Starr's father was James Starr, a Cherokee leader and a signer of the Treaty of New Echota in December 1835. This treaty had a large impact on the unity and well being of the Cherokee Nation, and many tribal members disagreed with its signing. James Starr was targeted for assassination by Cherokee opposing the treaty, followers of the anti-Removal National Party led by John Ross, and on more than one occasion narrowly escaped death.
A violent series of confrontations eventually led to a Cherokee civil war. Treaty supporters, including the Starr family, James Starr and his six sons, opposed the Ross faction. In retaliation for the attempts on his father's life, Tom Starr became a guerilla leader in civil war activities. He was accused of attacking and murdering Ross supporter and trader, Benjamin Vore, and his family, at their home near Fort Gibson in 1843. In November 1845, James Starr and his son Buck were attacked at their home by thirty-two armed men and both were killed. Tom Starr witnessed the event but escaped and vowed to avenge the life of his father. The Ross faction of the Cherokee Nation placed a price on Starr's head, and declared him and his surviving brothers outlaw. At least 34 politically related murders were committed among the Cherokee in 1845 and 1846.

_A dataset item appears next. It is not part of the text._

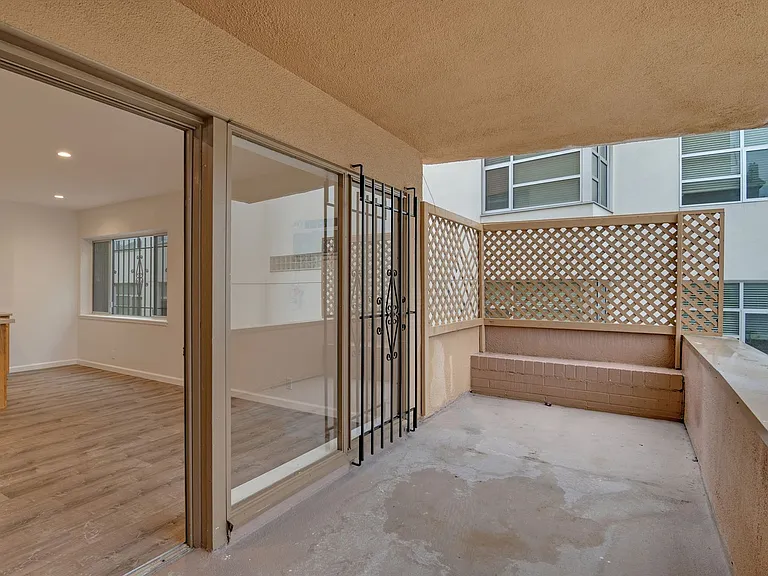 542 Glenrock Ave — Photo 27
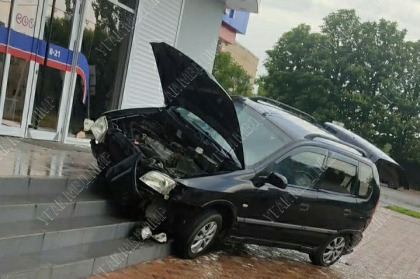 Accident in stanga Nistrului. Un tanar - transportat la spital, dupa ce i s-a facut rau si a ajuns cu masina pe scarile unui magazin - FOTO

The internal Cherokee conflict ended with a formal truce in 1846. The resulting peace treaty between the two factions included a special clause pardoning citizens of the Cherokee Nation for offenses and crimes, and this pardon was extended to Tom Starr. Starr settled land in the southern portion of the Canadian District of the Cherokee Nation, near present-day Briartown, Oklahoma. The Starr brothers and their extended family used the base for a series of crimes, including arson and the theft of cattle, horses and supplies. Starr was alleged to have killed 100 men throughout his lifetime, although the figure is probably exaggerated. Starr also served in Confederate forces during the American Civil War as a scout for General Stand Watie and was acquainted with William Clark Quantrill.